The first result looks like there's something capping it...
 
The results are consistent with a 4x4 configuration when extrapolating from A14, and A12 vs. A12x scores so it would seem likely if legit.
 
A14X preliminary results?

https://appleinsider.com/articles/2...nchmarked-days-before-apple-silicon-mac-event

GB5 ST 1634
GB5 MT 7220

I wonder if it's 4+4 cores with some larger cache and/or faster RAM.

While this is not a bad performance (comparable to the single thread performance of an AMD Ryzen 9 5950X running Geekbench 5) if true, I still hope it to be higher in a higher thermal envelope such as a MacBook Pro.
I do hope it'll have something like 16GB RAM in a MacBook Pro though. 8GB is way too small for something to last for at least 5 years.
 
While this is not a bad performance (comparable to the single thread performance of an AMD Ryzen 9 5950X running Geekbench 5) if true, I still hope it to be higher in a higher thermal envelope such as a MacBook Pro.
I do hope it'll have something like 16GB RAM in a MacBook Pro though. 8GB is way too small for something to last for at least 5 years.
Yup. I’m hesitant to write anything, because in a few days we’ll know much more. But one of the things that make me wary as a consumer is the trend towards non-upgradeable memory and on-board storage. If you want longevity, you’ll have to pay current vendor defined prices, there is no hope of upgrading cheaply either now or at a later date. And vendors (not only Apple) always charge ridiculous premiums for RAM. If the computers have fast I/O ports, you have some hope of cludging a storage upgrade at a later date, but even that is impossible with RAM. Of course, if accurate, this 8GB leak might be from an iPad Pro.
 
Yup. I’m hesitant to write anything, because in a few days we’ll know much more. But one of the things that make me wary as a consumer is the trend towards non-upgradeable memory and on-board storage. If you want longevity, you’ll have to pay current vendor defined prices, there is no hope of upgrading cheaply either now or at a later date. And vendors (not only Apple) always charge ridiculous premiums for RAM. If the computers have fast I/O ports, you have some hope of cludging a storage upgrade at a later date, but even that is impossible with RAM. Of course, if accurate, this 8GB leak might be from an iPad Pro.
Mark Gurman is guessing that the ARM Macs will have fewer upgrade options.
Mark Gurman said:
What I’m watching for with Apple Silicon Macs: if they will offer multiple processor speed, graphics chips, and RAM options like they do with Intel Macs — or if it will be all standardized like iPhones and iPads. I’d guess CPU and GPU won’t be customizable, but perhaps RAM will.

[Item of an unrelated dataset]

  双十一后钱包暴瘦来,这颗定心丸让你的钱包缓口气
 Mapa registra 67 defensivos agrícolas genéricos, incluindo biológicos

I wonder if Apple could have different RAM types and speeds for the same SoC. For example, a 13" MacBook Pro with the following options at time of order:
  • 8 GB LPDDR4X-4266
  • 16 GB LPDDR4X-4266
  • 32 GB LPDDR5-5500
Then, even if everything else is equal, one would need to get the largest RAM amount for the highest GPU performance.
 
Don’t jinx it!
Goddammit, now I’ve got to dig out my vial of holy water and sprinkle it on the screen while praying to Seymour Cray, patron saint of uncrippled computers.

That done, your suggestion is definitely possible. Other SoC vendors make lpddr memory controllers that support both lpddr4 and lpddr5, and lpddr5 is available in 16GB 64-bit wide packages, so sure. But I’ll hold on to hope for something more ambitious than a by-the-numbers iPad Pro SoC being presented on Tuesday.
 
I’m personally hoping for a single stack of HBM2E / HBM3 for low end products like the MacBook, MacBook Air and Mac Mini just to shake things up. Simpler PCB and power savings. That would cut cost down as well, something the bean counters will like.